Les mines dubitatives ne freinent pas leur enthousiasme, mais, au moment d’arriver dans la phase de finalisation de ce breuvage, Jacqueline craque, et en sanglots, elle évoque la disparition de leur petit commerce de proximité, leur charcuterie « Au pied de cochon farci », le bonheur qu’ils avaient à tuer le cochon, à fabriquer le boudin, puis désespérée, elle fait part de ses conclusions sur l’impact hormonal du filet mignon sur la libido...
Les rires éclatent, et ceux, comme Jean-Pierre, qui se risqueront à goûter le breuvage se feront repérer dans le public à leur air patraque !

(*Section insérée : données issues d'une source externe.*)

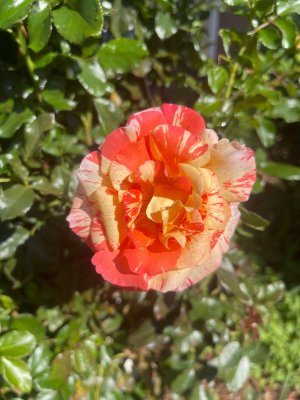 IMG_4791.JPG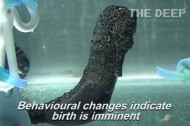 Hey Arizona, check out this male seahorse giving birth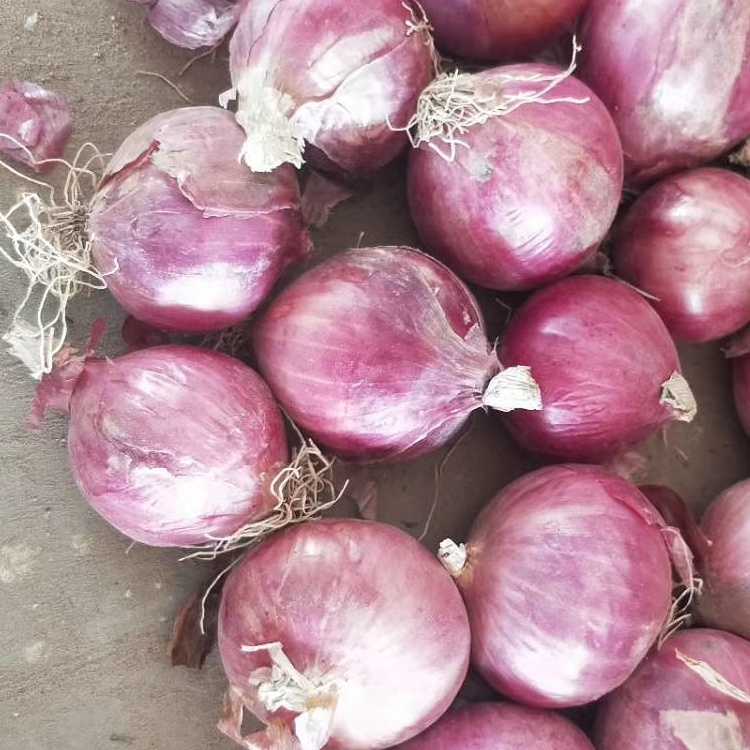 500gr Hành tím Ấn Độ củ to dùng chế biến món ăn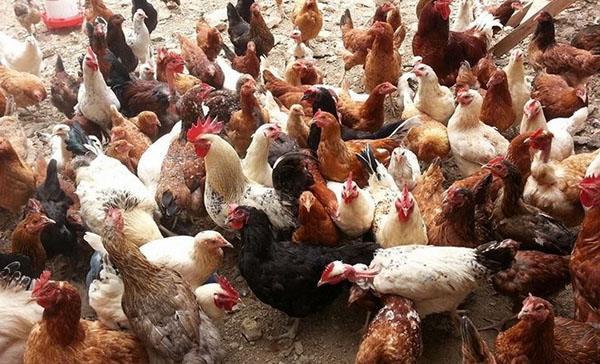 utfodring av kycklingar
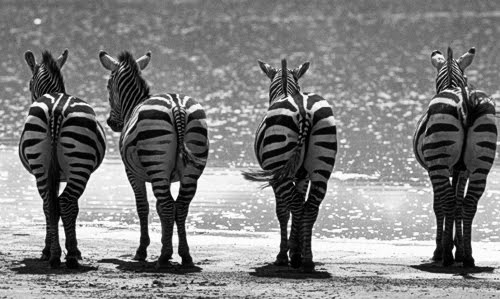 [ZEBRAbn.jpg]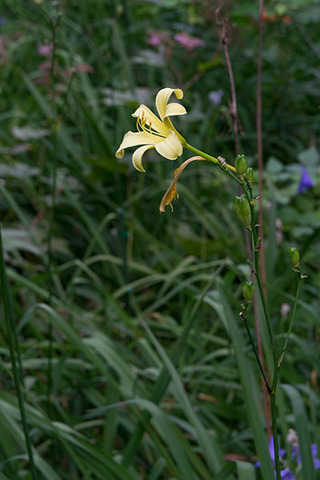 20160813yusuge01-1645.jpg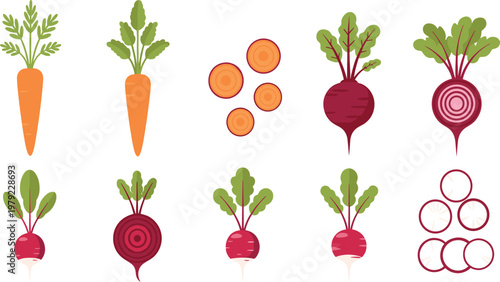 Fresh Vegetable Collection Set Featuring Carrot Beetroot and Radish with Leaves and Slices Flat Style Vector Illustration for Healthy Food Design.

16h 16, Ouverture de L’Ecole Régionale d’Esperanto Gestuel
Elle est attendue cette ouverture, non seulement par curiosité de découvrir ce langage universel qui permet la traduction de toute les langues -sauf la langue de bois- mais aussi parce que cette école, désormais fermée, évoque beaucoup de souvenirs à tous ses anciens élèves, ou même enseignants qui y ont fait leurs premières classes...
L’intempérance des intempéries obligera Melle Pilchard et ses élèves appliqués à se replier dans la salle polyvalente pour laisser place aux Schpouki Rolls. L’effervescence est à son comble, et, pendant que l’on remonte les gradins, les crêpes/café font le plein.
Enfin, l’arrivée de Melle Pilchard et de ses élèves est annoncée, et le public est en délire... Au programme de ces 18 stagiaires, la traduction de phrases extraites d’un « Manuel de Savoir-Vivre » mis à disposition de Bénédicte Pilchard par Michèle Bosseur, co-directrice du Fourneau, experte dans ce domaine de l’éducation.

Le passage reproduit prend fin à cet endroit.